AWS Data Scientists work with large datasets on AWS to uncover insights that inform business decisions, using AWS's data analytics tools to explore and make sense of data at scale. They develop machine learning models and train them using AWS's infrastructure, taking advantage of managed services rather than maintaining their own training environments. Where data is generated continuously, they build the capability to analyse streams in real time, refining and improving models as new data arrives rather than only at fixed intervals. To make their findings actionable, they also focus on visualisation, presenting data and model outputs in ways that support clear decision-making across the business. Day to day, this means optimising data analysis with tools like Amazon Athena and Redshift, developing and training models with Amazon SageMaker and other machine learning services, analysing data streams in real time with AWS Kinesis, and visualising data using tools like Amazon QuickSight.
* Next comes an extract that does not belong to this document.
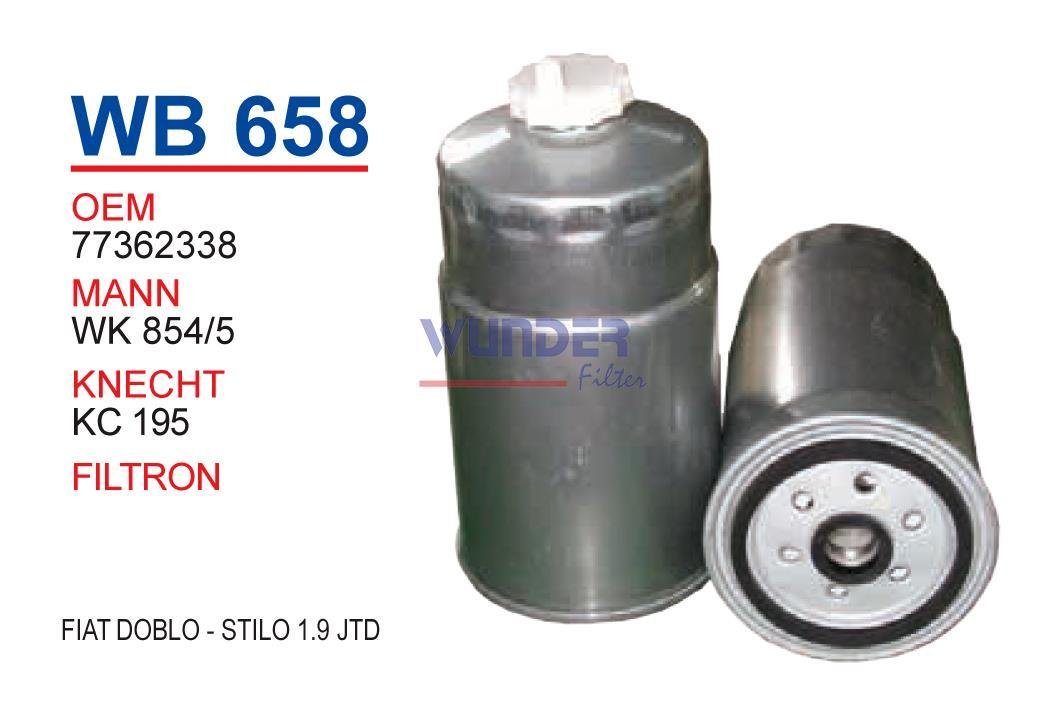 WUNDER WB658 MAZOT  FİLTRESİ - FİAT DOBLO - STİLO 1,9 JTD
AWS Cloud Trainers help teams build genuine competence with AWS, going beyond surface-level familiarity to make sure people can use these services confidently and correctly. They guide users through certification programs, giving teams a recognised way to validate and demonstrate their AWS skills. Because AWS services evolve constantly, trainers stay on top of new releases and changes, making sure the guidance they provide reflects how things actually work today, not how they worked a year ago. Practical, hands-on training is central to their approach, helping people learn by working through realistic scenarios rather than just reading documentation. In practice, this means educating and certifying users through AWS Training and Certification programs, building skills with practical tools like AWS Workshops, keeping training content up to date with the latest AWS services, and supporting continuous development through ongoing training and guidance.